Este contenido fue hecho con la asistencia de una inteligencia artificial y contó con la revisión del editor/periodista.
En los últimos días me topé con una hipótesis de una psicóloga de EE. UU. que sostenía que, al exigir perfección a nuestros hijos, estamos generando problemas; cualquier señal de imperfección se interpreta como un trastorno que nos lleva a buscar ayuda psicológica e incluso a medicarlos.
Somos los adultos quienes, al colocar a los jóvenes en “cajas de oro”, creemos estar fomentando su felicidad, pero en realidad les estamos diciendo que están enfermos, que no pueden resolverlo por sí mismos y que requieren asistencia externa.
No hablo de casos extremos, sino de la cotidianidad: actitudes y conductas diarias que no comprendemos dentro del marco en que nacen, de cómo se están formando y de la manera en que los padres los criamos.
Nos hemos convertido en cazadores de fallas. No les permitimos equivocarse, enfadarse o actuar fuera de lo que catalogamos como “ideal”.
Identificamos dos situaciones que comparten la misma vulnerabilidad en nuestros hijos.
La primera corresponde a aquellos que se vuelven inseguros y se recluyen en sí mismos. Anhelan ese modelo perfecto, pero no logran alcanzarlo.
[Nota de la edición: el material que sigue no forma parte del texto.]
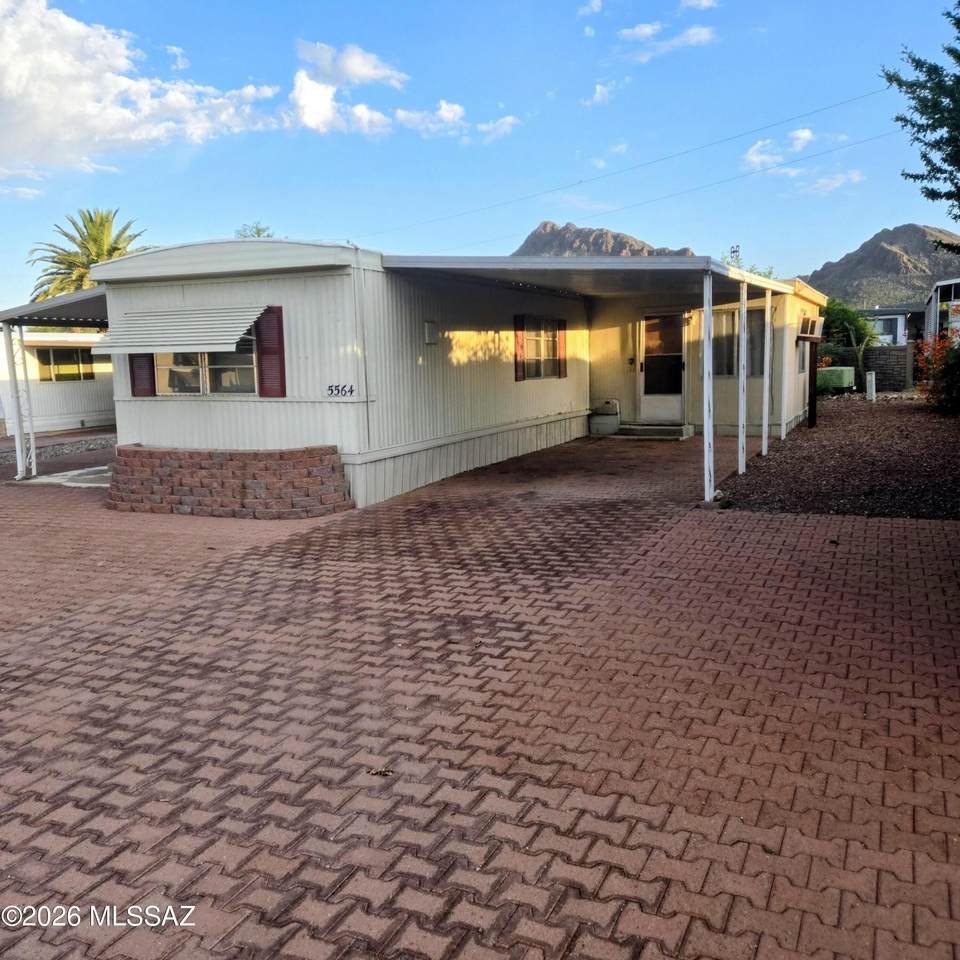 5564 Rocking Cir Street - Photo 1
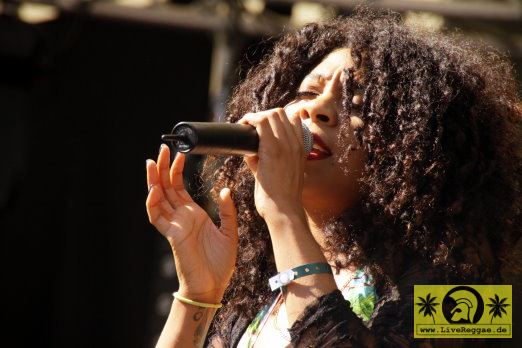 Hollie Cook (UK) 27. Summer Jam Festival - Fuehlinger See, Koeln - Green Stage - 07. Juli 2012 (7).JPG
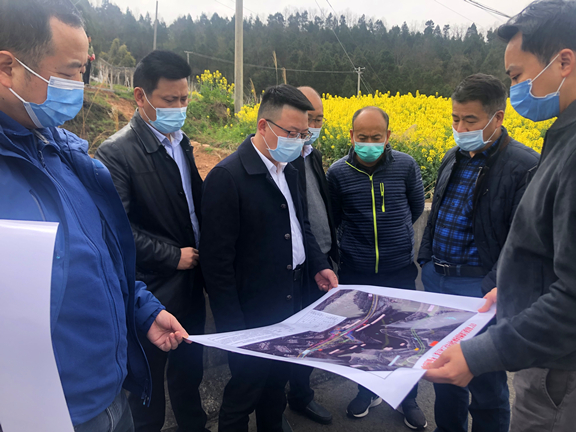 广南公司与昭化区政府就增设柏林沟、昭化出口开展进一步洽谈1.JPG 广南公司与昭化区政府就增设柏林沟、昭化出口开展进一步洽谈1.JPG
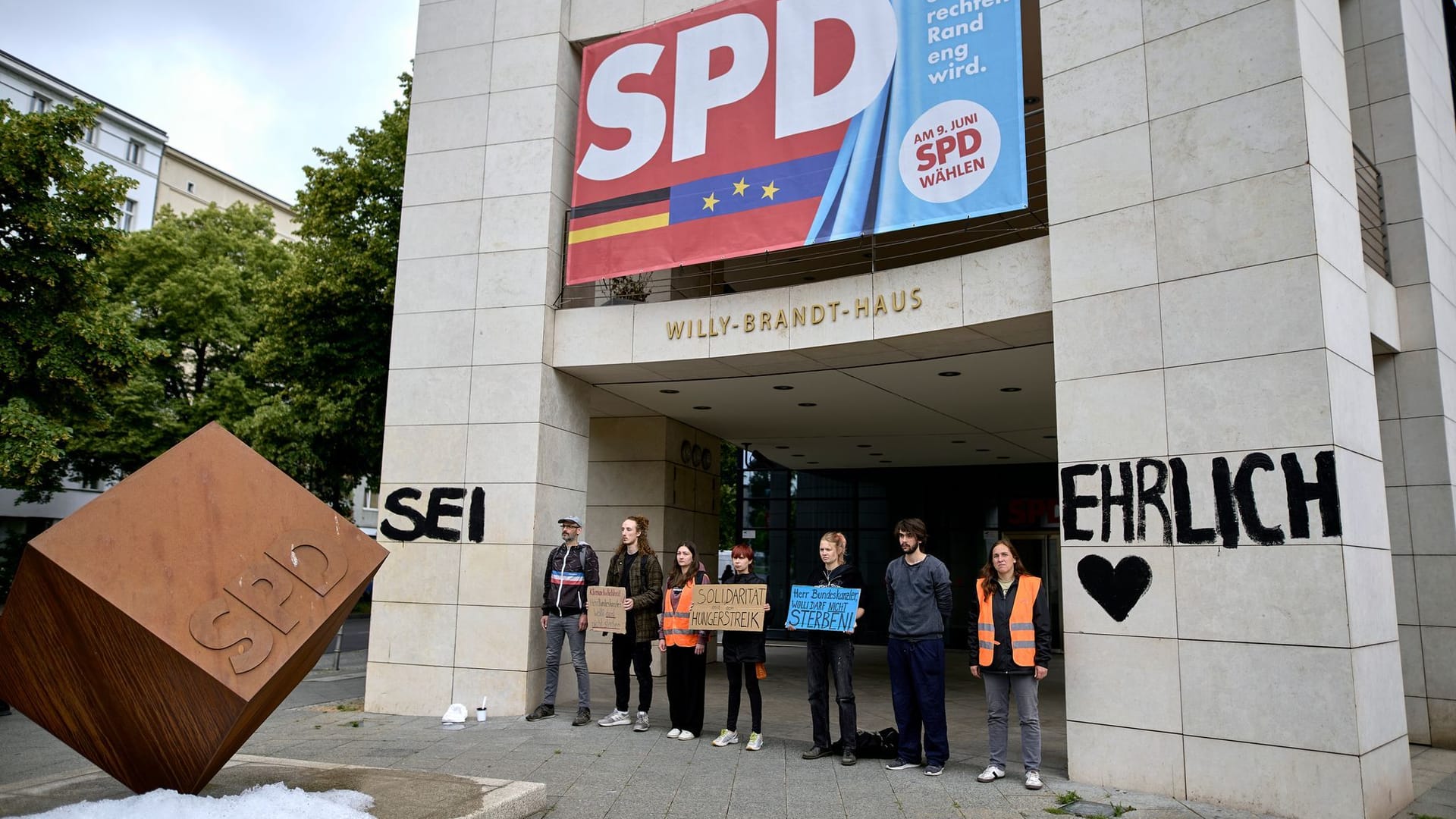 "Sei ehrlich": Die "Letzte Generation" unterstützt den Hungerstreik im Invalidenpark.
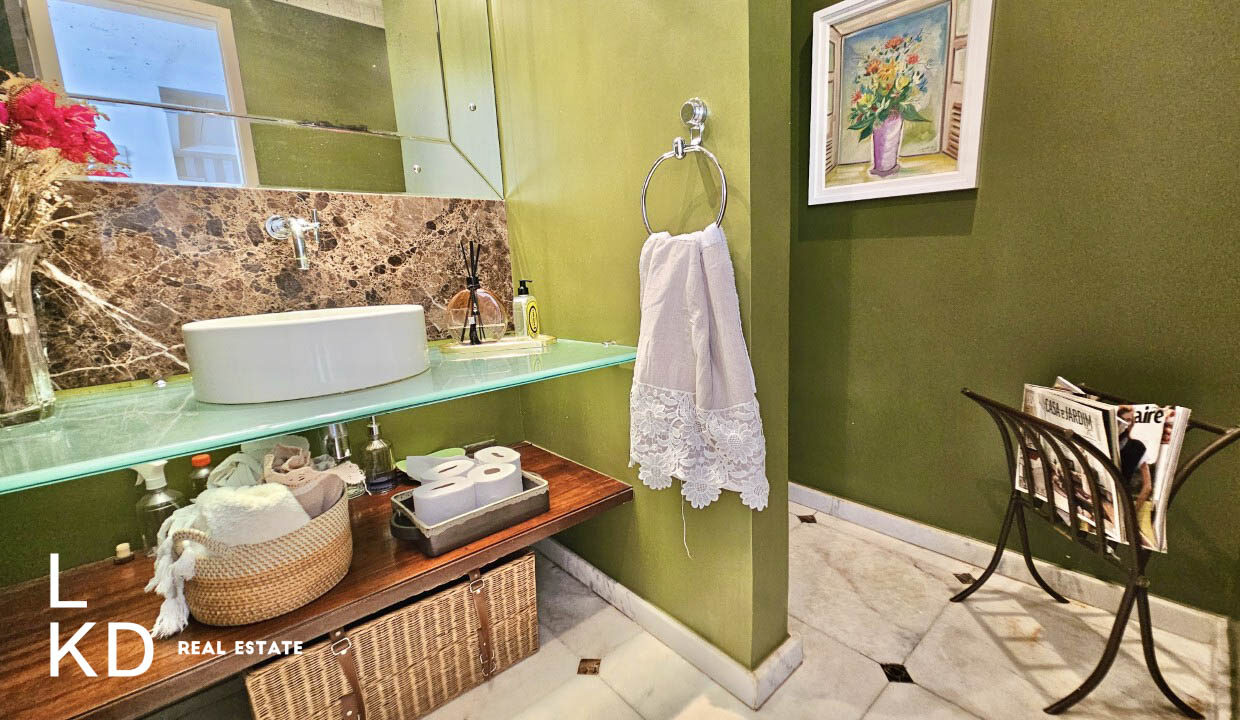 APARTAMENTO À VENDA NA LAGOA-6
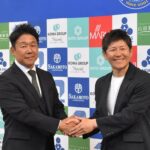 高橋GMと握手を交わす福元選手
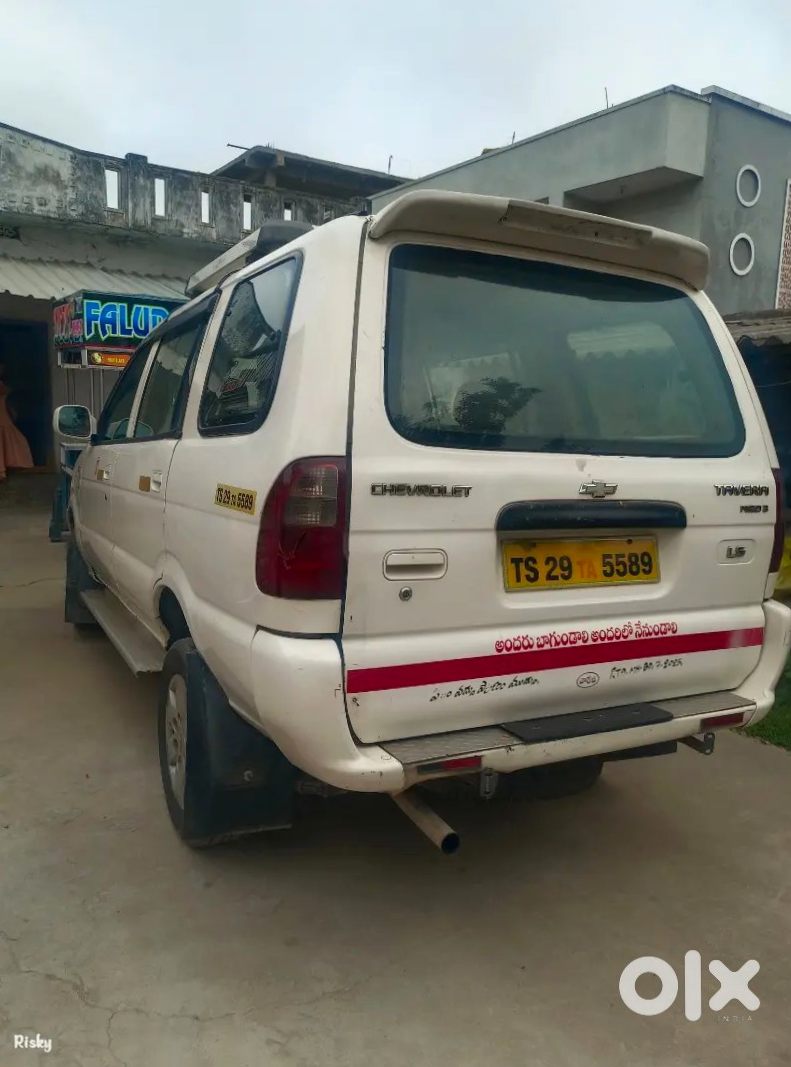 Chevrolet Tavera 2014 | Petrol | Manual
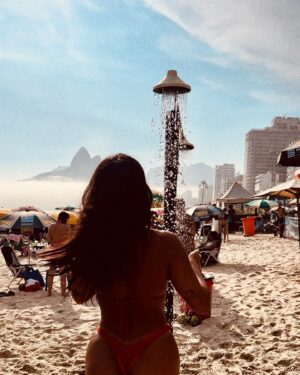 Rita Pereira Instagram - Domingo de Ipanema 💦 
📸 @sergiorbaia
Al final, aparecen comportamientos que activan la alarma, sin que se comprenda su origen.
La segunda agrupa a los que, por la necesidad de pertenecer, se dejan arrastrar por presiones externas y no consiguen desarrollar una personalidad sólida. Se suben a la corriente que creen los hará entrar en la sociedad.
Sea cual sea el patrón, los padres nos angustiamos al no comprender lo que ocurre y recurrimos a la terapia, creyendo que será la solución. Sin intención, los metemos en una espiral donde piensan que algo está mal en ellos, que no pueden solucionarlo por sí mismos y que requieren ayuda. Así, crecerán bajo esa premisa.